## YOUR GOAL
Can you set down, exactly as they appear below, the lines from the opening of the material through the one bearing "Прочный быстрый образец", minus the pictures?

## EXCERPTED DATA
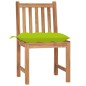 vidaXL Gartenstühle 4 Stk. mit Kissen Massivholz Teak vidaXL Gartenstühle 4 Stk. mit Kissen Massivholz Teak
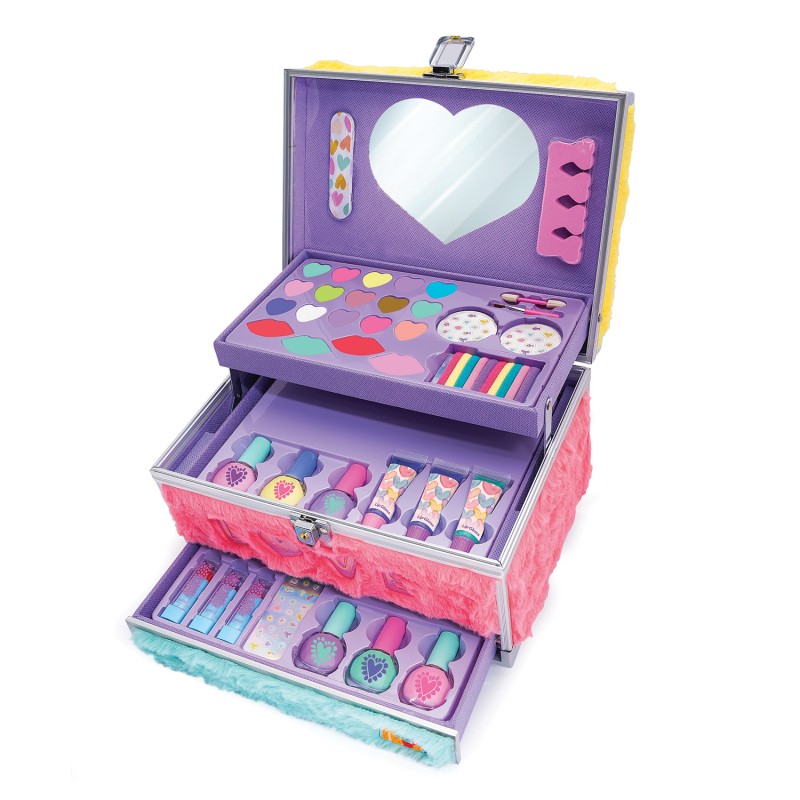 Happi Hobbi Θήκη ομορφιάς με 50 Αξεσουάρ Για 6+ Χρονών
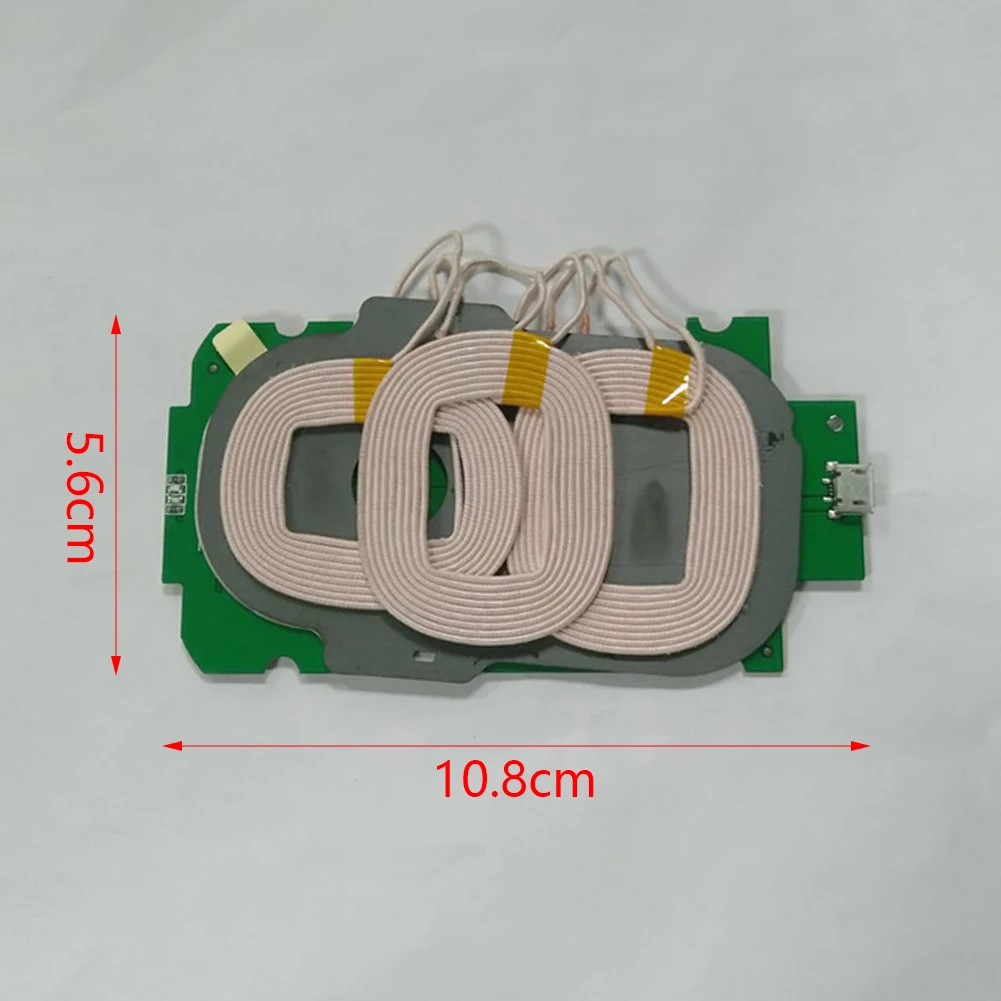 Прочный быстрый образец адаптера три катушки USB порт печатная плата PCBA DIY Многофункциональный аксессуар Беспроводное зарядное устройство мобильные телефоны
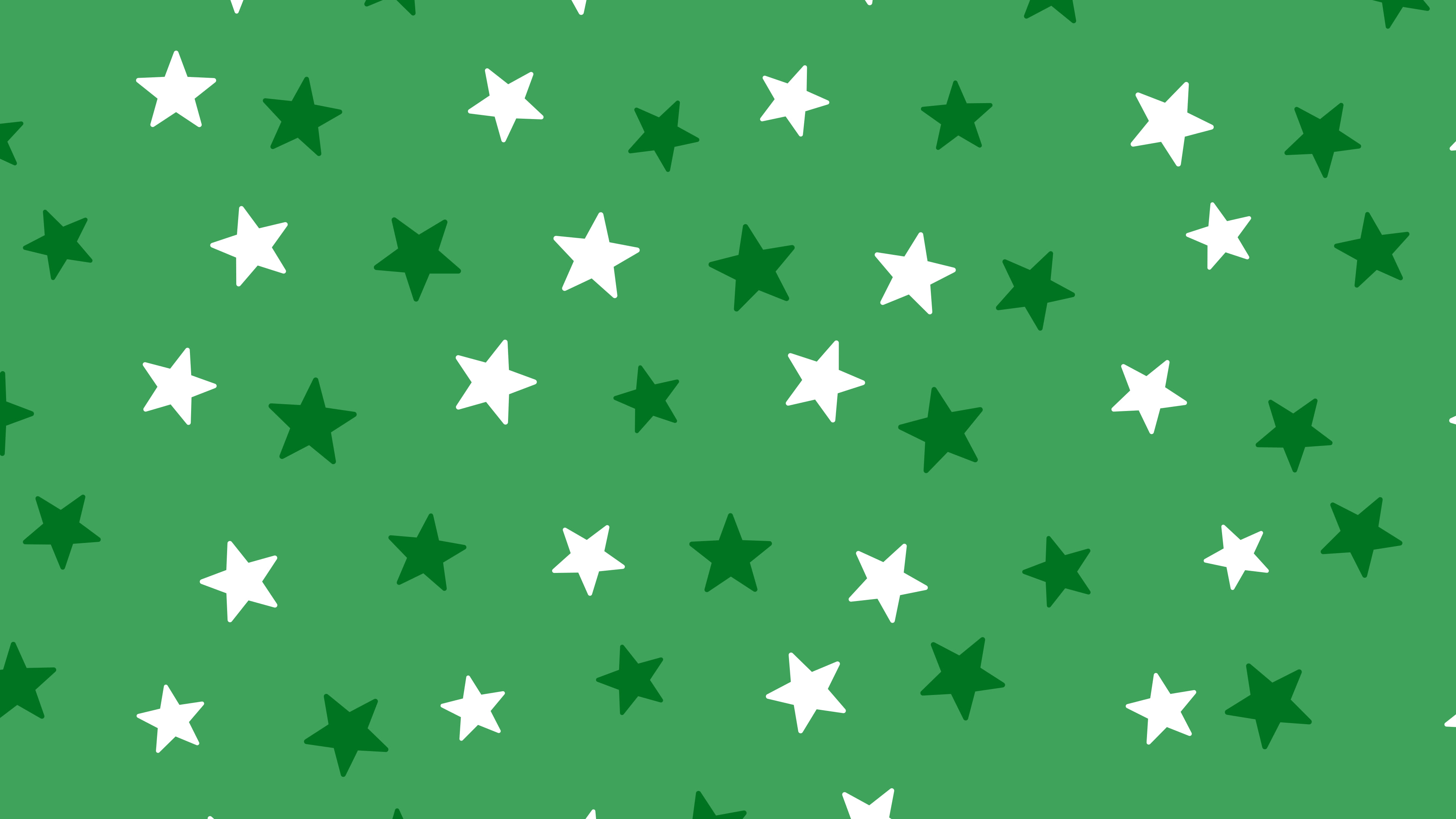 Green Star Pattern desktop wallpaper in 4K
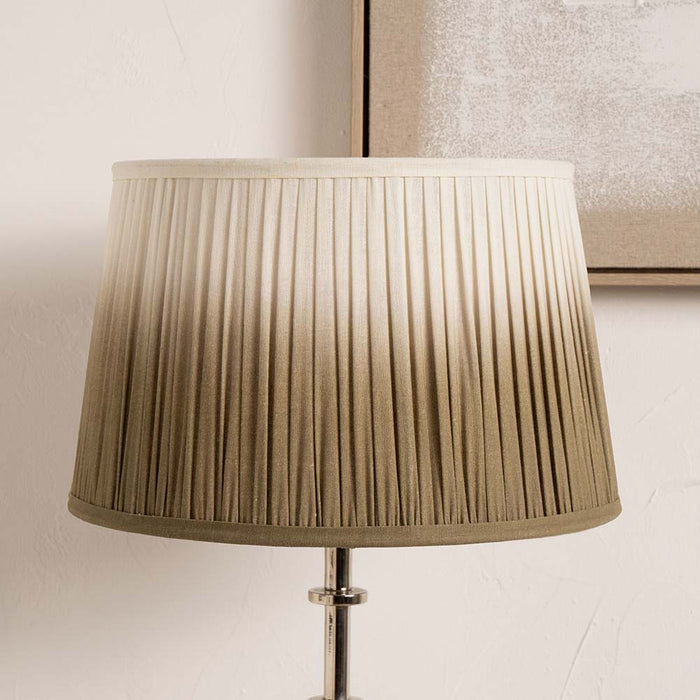 Pacific Scallop 40cm Taupe Ombre Soft Pleated Tapered Shade 36-059-16TA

## TASK ANSWER
 vidaXL Gartenstühle 4 Stk. mit Kissen Massivholz Teak vidaXL Gartenstühle 4 Stk. mit Kissen Massivholz Teak
 Happi Hobbi Θήκη ομορφιάς με 50 Αξεσουάρ Για 6+ Χρονών
 Прочный быстрый образец адаптера три катушки USB порт печатная плата PCBA DIY Многофункциональный аксессуар Беспроводное зарядное устройство мобильные телефоны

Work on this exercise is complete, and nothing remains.